# DATA FOR PROCESSING
******************************
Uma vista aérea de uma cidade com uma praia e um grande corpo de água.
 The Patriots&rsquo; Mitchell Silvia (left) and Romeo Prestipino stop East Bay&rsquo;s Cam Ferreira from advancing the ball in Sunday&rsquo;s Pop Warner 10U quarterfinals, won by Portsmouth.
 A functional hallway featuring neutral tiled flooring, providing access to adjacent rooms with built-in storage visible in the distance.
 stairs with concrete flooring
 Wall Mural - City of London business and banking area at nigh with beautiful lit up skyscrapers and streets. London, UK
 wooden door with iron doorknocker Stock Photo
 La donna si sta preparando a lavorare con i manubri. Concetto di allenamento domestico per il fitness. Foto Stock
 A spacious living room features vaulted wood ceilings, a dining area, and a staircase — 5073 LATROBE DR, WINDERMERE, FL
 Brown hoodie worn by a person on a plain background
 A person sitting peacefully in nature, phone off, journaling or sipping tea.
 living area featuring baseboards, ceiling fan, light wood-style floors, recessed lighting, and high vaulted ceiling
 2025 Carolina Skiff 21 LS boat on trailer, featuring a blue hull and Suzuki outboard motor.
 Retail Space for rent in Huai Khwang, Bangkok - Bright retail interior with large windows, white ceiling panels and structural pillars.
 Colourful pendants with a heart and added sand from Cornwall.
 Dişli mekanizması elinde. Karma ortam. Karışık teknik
******************************
From the first line of the data above through the line containing "stairs with concrete flooring", set each line down again exactly; include both ends and omit everything else.

Uma vista aérea de uma cidade com uma praia e um grande corpo de água.
 The Patriots&rsquo; Mitchell Silvia (left) and Romeo Prestipino stop East Bay&rsquo;s Cam Ferreira from advancing the ball in Sunday&rsquo;s Pop Warner 10U quarterfinals, won by Portsmouth.
 A functional hallway featuring neutral tiled flooring, providing access to adjacent rooms with built-in storage visible in the distance.
 stairs with concrete flooring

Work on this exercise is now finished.